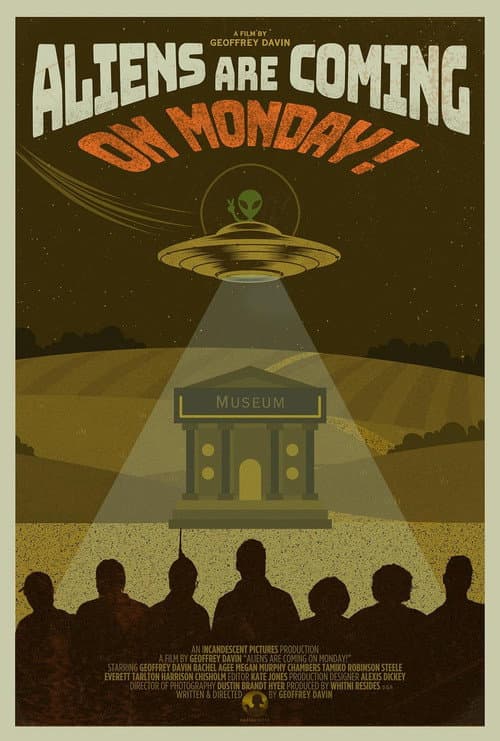 Aliens Are Coming!! On Monday!!! (2026) poster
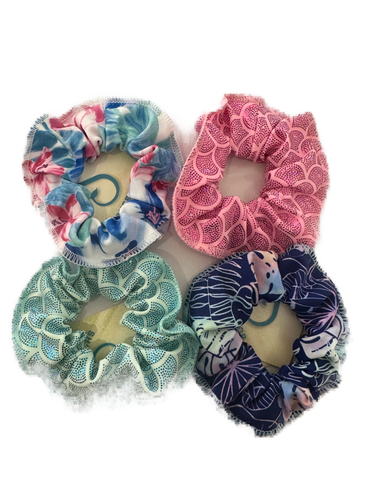 Shebop- Hair Scrunchies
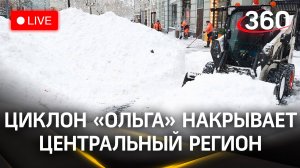 Снегопад в Москве прямо сейчас | Трансляция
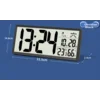 Timess Zidni sat, 35cm, Crni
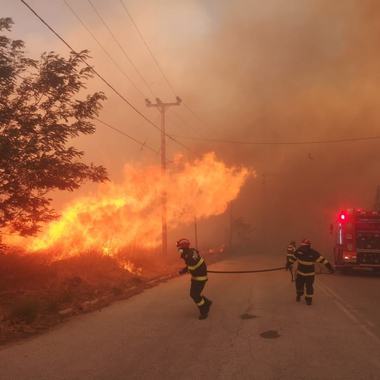 MAE, atenţionare de călătorie pentru Grecia: Se menţine pericolul incendiilor de vegetaţie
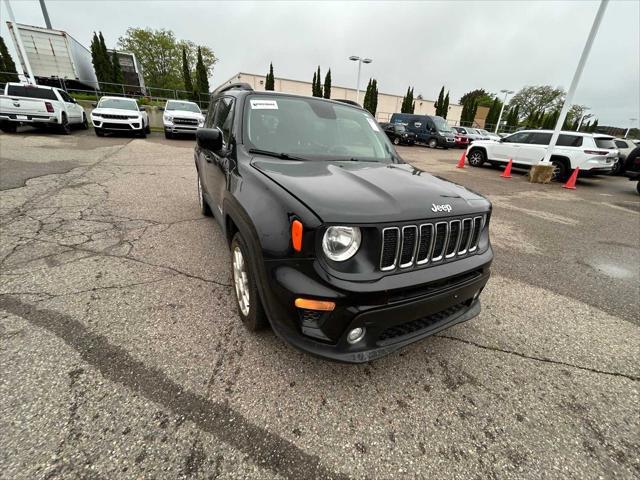 used 2019 Jeep Renegade car, priced at $11,300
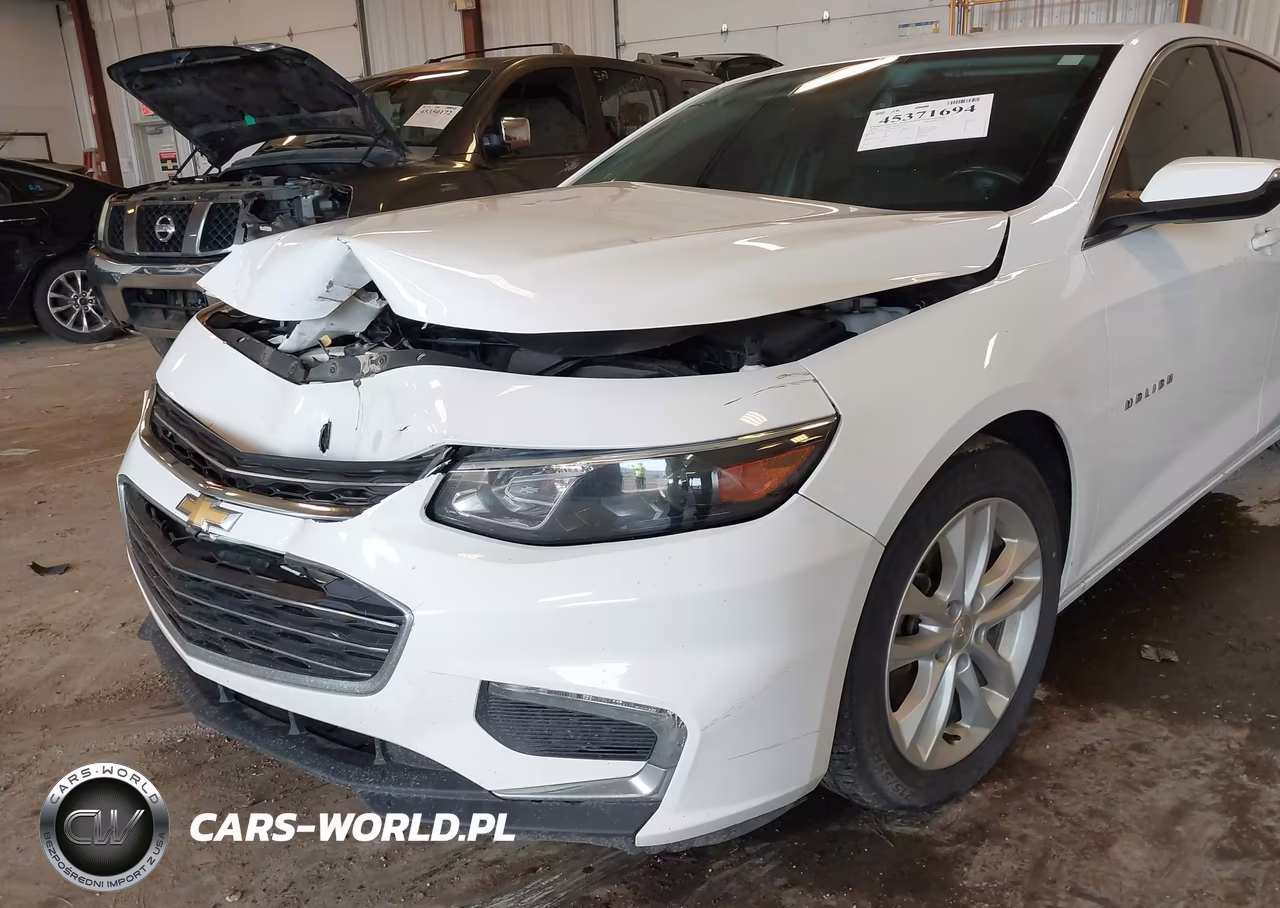 2016 Chevrolet Malibu 1Lt VIN:1G1ZE5ST3GF323794 - 6
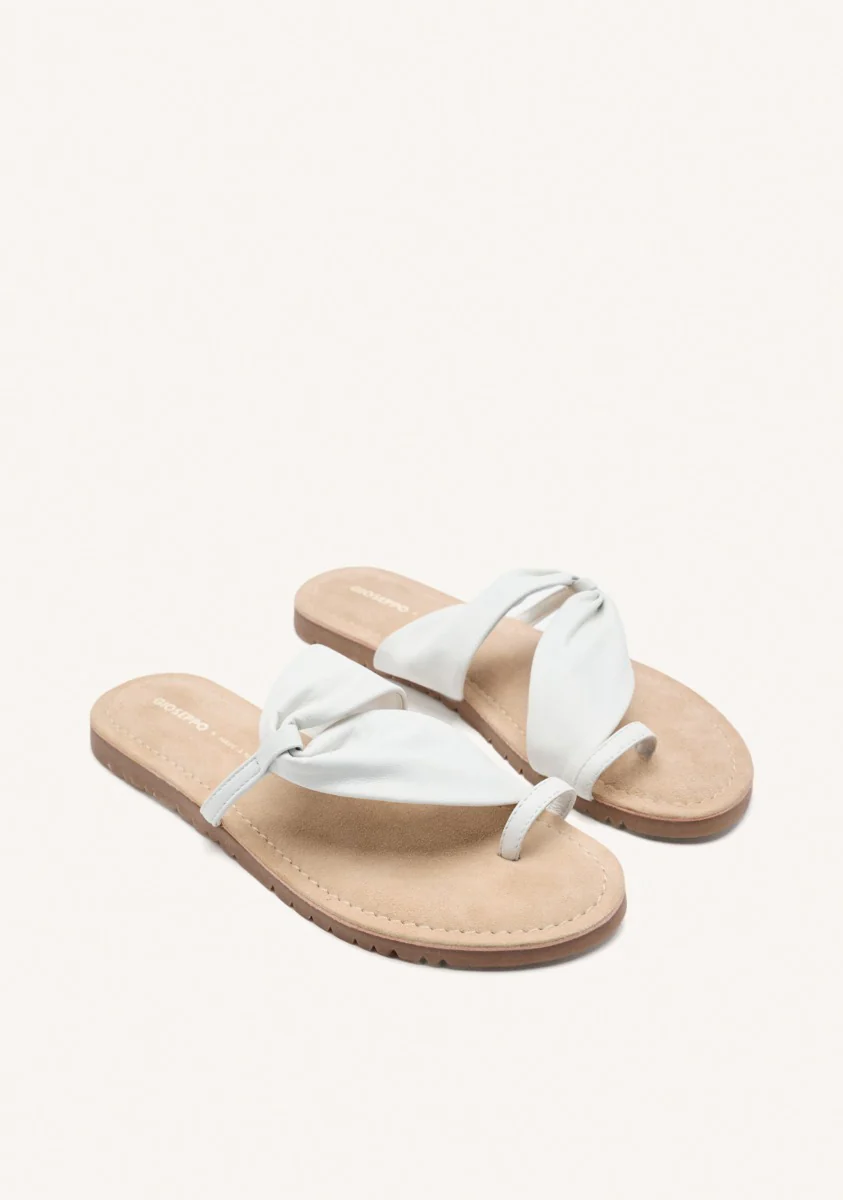 LEATHER SANDALS CHARLEMON - Image 2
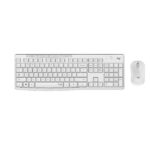 Kit Tastiera e Mouse Wireless Logitech MK295 Silent Combo Offwhite Italiano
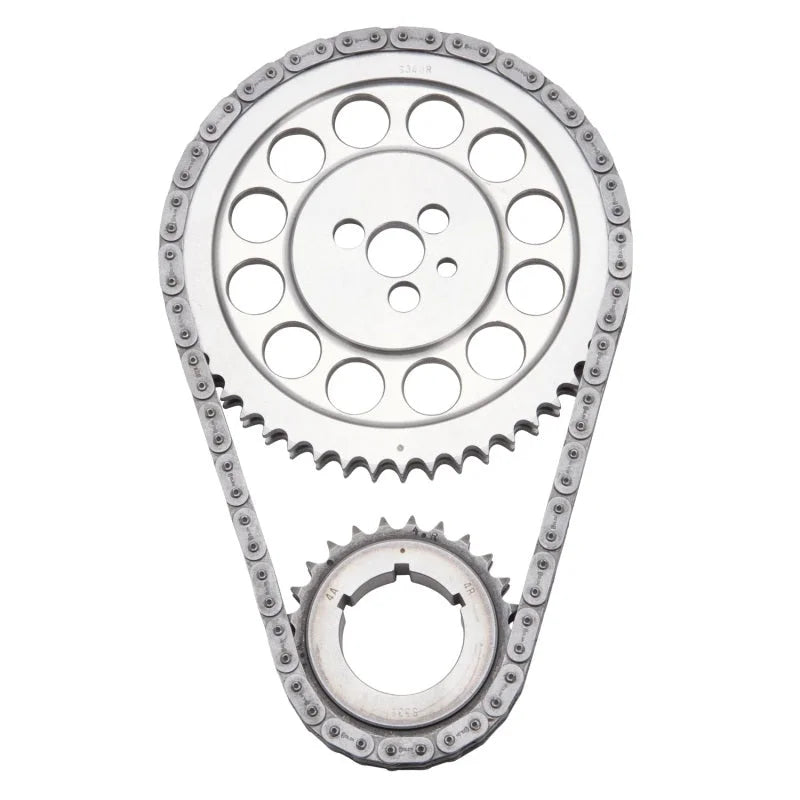 Edelbrock Timing Chain Performer Link B and Rb Chrysler Three-Bolt Cam Gear - Main Product View
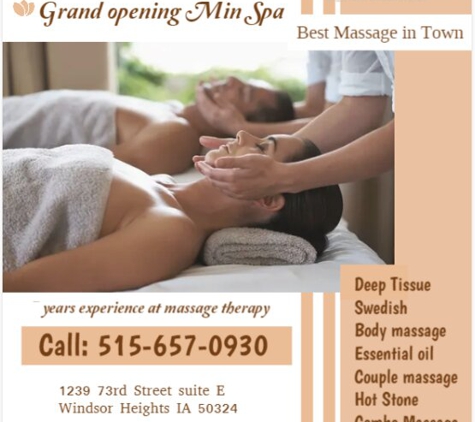 Min Spa - Windsor Heights, IA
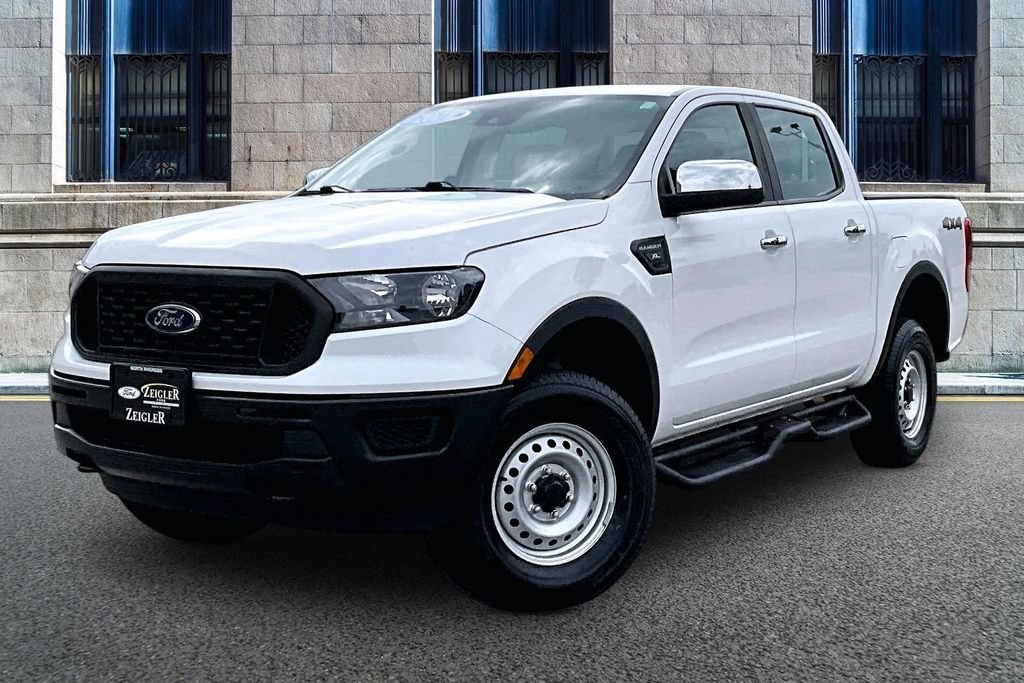 Certified 2021 Ford Ranger XL w/ Trailer Tow Package AWD/4WD image 2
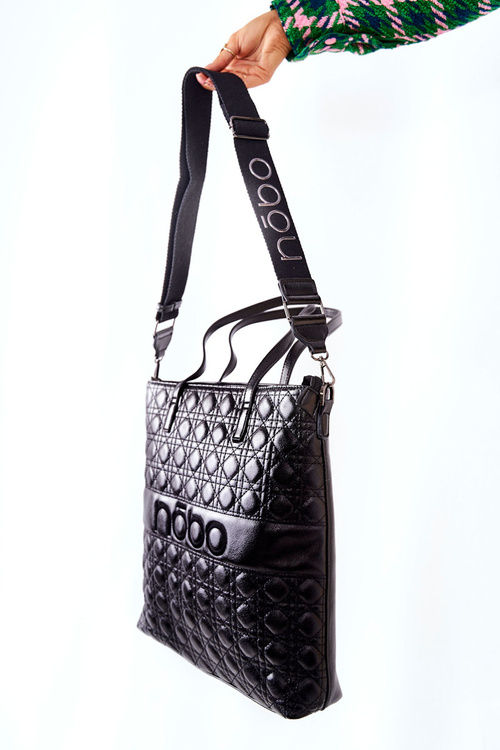 Shopper Handbag NOBO L0820 Black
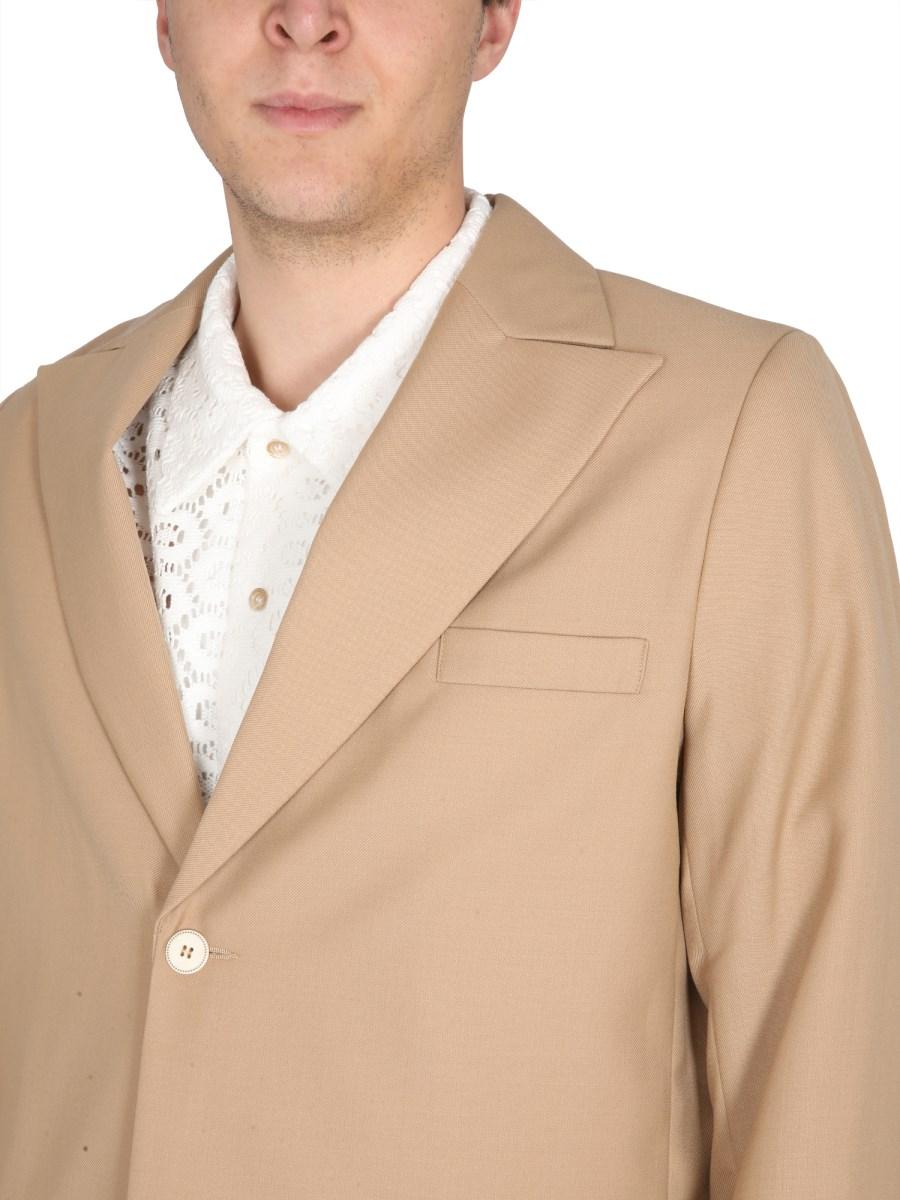 SÉFR BLAZER POWER IN MISTO LANA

_____

* _Exercise objective_
If a record holds a picture, leave the picture out and transcribe everything else exactly.

* _Exercise result_
 Aliens Are Coming!! On Monday!!! (2026) poster
 Shebop- Hair Scrunchies
 Снегопад в Москве прямо сейчас | Трансляция
 Timess Zidni sat, 35cm, Crni
 MAE, atenţionare de călătorie pentru Grecia: Se menţine pericolul incendiilor de vegetaţie
 used 2019 Jeep Renegade car, priced at $11,300
 2016 Chevrolet Malibu 1Lt VIN:1G1ZE5ST3GF323794 - 6
 LEATHER SANDALS CHARLEMON - Image 2
 Kit Tastiera e Mouse Wireless Logitech MK295 Silent Combo Offwhite Italiano
 Edelbrock Timing Chain Performer Link B and Rb Chrysler Three-Bolt Cam Gear - Main Product View
 Min Spa - Windsor Heights, IA
 Certified 2021 Ford Ranger XL w/ Trailer Tow Package AWD/4WD image 2
 Shopper Handbag NOBO L0820 Black
 SÉFR BLAZER POWER IN MISTO LANA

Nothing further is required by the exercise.